Ce singulier manque de clairvoyance, chez un homme que le pays considère comme infaillible, est vraiment troublant pour l’avenir.

— Rencontré B…, gouverneur de la Nouvelle-Calédonie, actuellement sous-lieutenant près des Anglais. Absent depuis cinq ans, il s’étonne de la vigueur de la réaction, de son effort de se servir de la guerre pour exalter le catholicisme. Très attaché à Léon Bourgeois, il oppose l’œuvre positive de celui-ci à l’instinct destructeur d’un Clemenceau.

— Hier, Tristan Bernard me lisait une lettre qui signale une trêve, où on chantait en chœur le Noël d’Adam. Cette lettre disait : « C’était drôle, toutes ces voix qui sortaient de la terre. »

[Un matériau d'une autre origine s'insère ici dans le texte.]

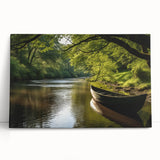 Black and white photo of a rowboat on water, printed on large stretched canvas, ideal for kitchen wall art.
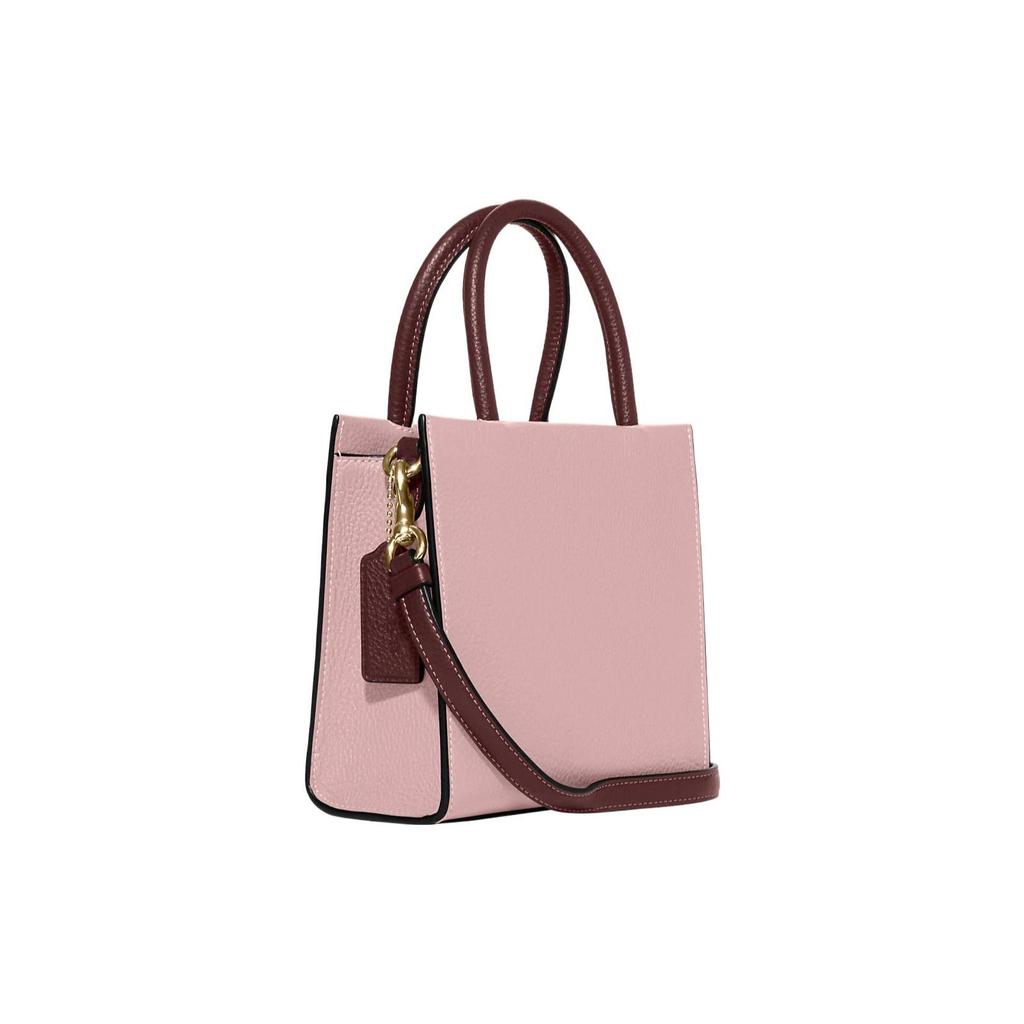 Coach Cally 17 Magnetic Snap Closure Pebbled Leather Mini Handbag Women Handbag Pink Burgundy CE598-IMV2G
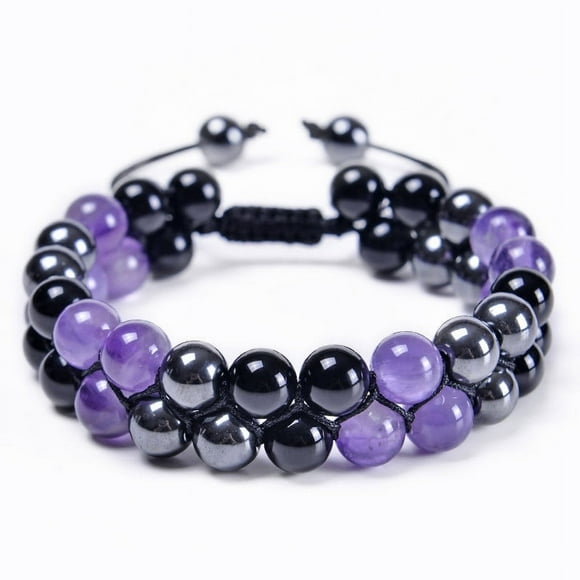 EGNMCR Fake Flowers, Artificial Flowers 8MM Natural Amethyst Double-layer Bracelet Black Magnet Beaded Bracelet Men And Women Couple Bracelet agate racelets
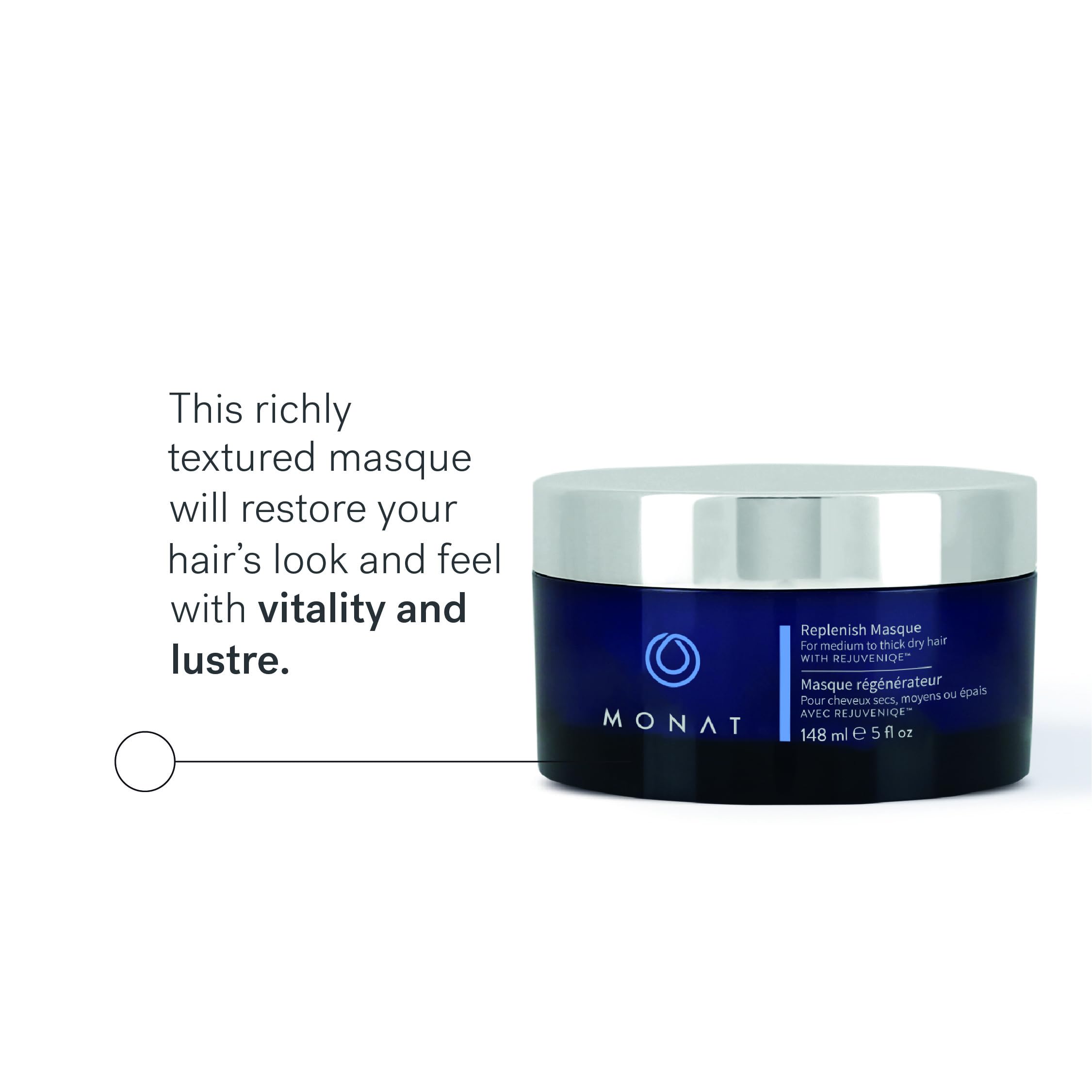 MONAT Replenish Masque vegan UV protectant label emphasizing environmental shield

— Eh bien, non, quand même ! Il ne faut pas désespérer de la race humaine. L’instinct d’aimer reste le centre rayonnant de l’être, ce qu’il y a de plus beau, de plus pur, le noyau de feu. C’est sa noblesse et son avenir : l’évasion de son grossier égoïsme, le geste vers autrui. Et la guerre, la haine soufflée des deux côtés des frontières, aux pauvres hordes, sous tous les discours, tous les rubans, toutes les rhétoriques, tous les étendards et toutes les musiques, c’est tout de même la gifle en pleine face à l’humanité en marche, c’est l’injonction de tourner bride et de rebrousser chemin, l’insulte suprême.